╔══

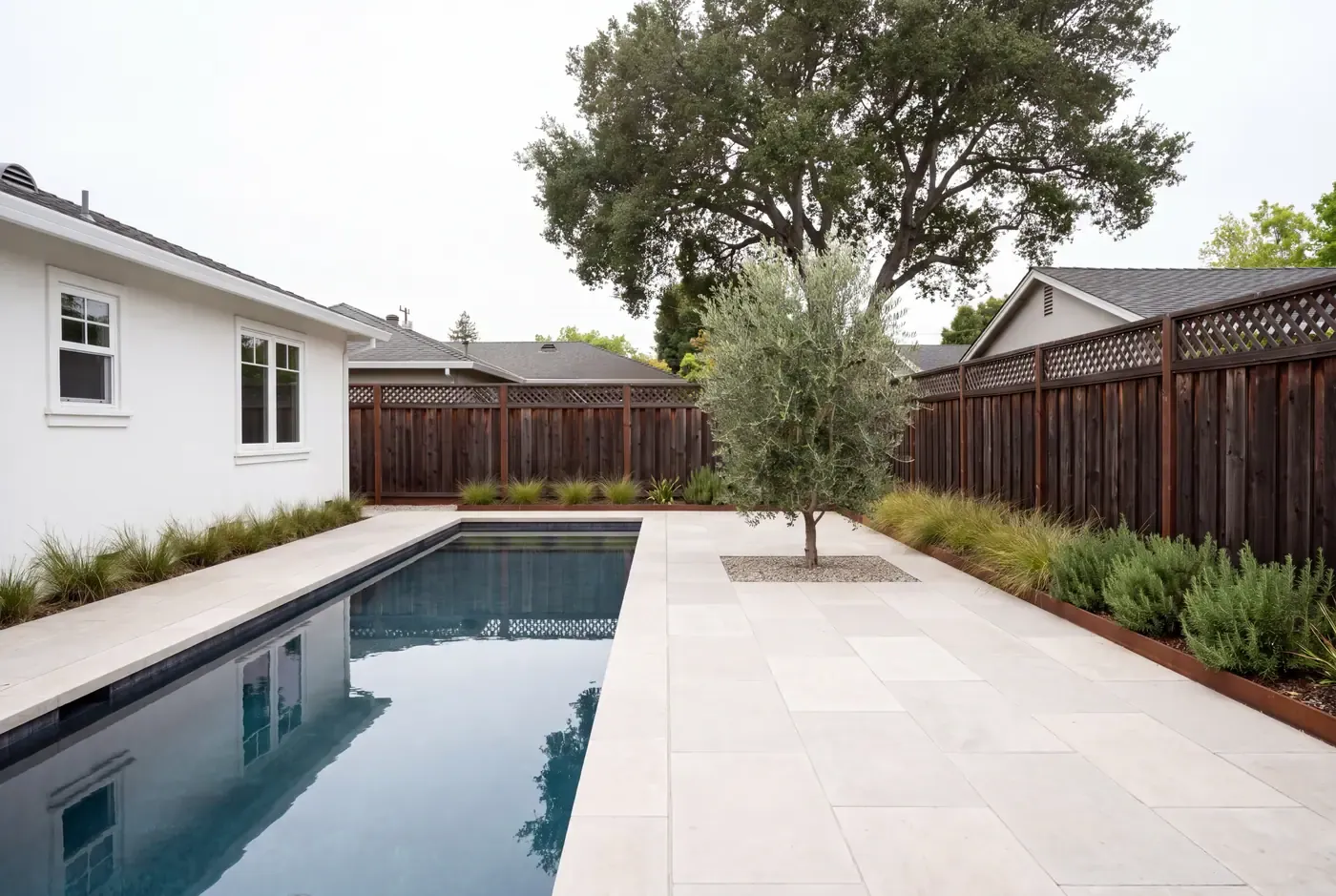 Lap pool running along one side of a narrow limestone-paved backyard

╚══
╔══

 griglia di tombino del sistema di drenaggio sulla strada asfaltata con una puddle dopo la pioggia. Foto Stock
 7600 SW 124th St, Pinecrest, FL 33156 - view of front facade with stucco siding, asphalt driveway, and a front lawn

╚══

• PROBLEM: The reply should hold only the lines of the listing above starting at the line containing "griglia di tombino" and ending at the line containing "7600 SW 124th", exactly as written.

• RESPONSE TO THIS EXERCISE:
 griglia di tombino del sistema di drenaggio sulla strada asfaltata con una puddle dopo la pioggia. Foto Stock
 7600 SW 124th St, Pinecrest, FL 33156 - view of front facade with stucco siding, asphalt driveway, and a front lawn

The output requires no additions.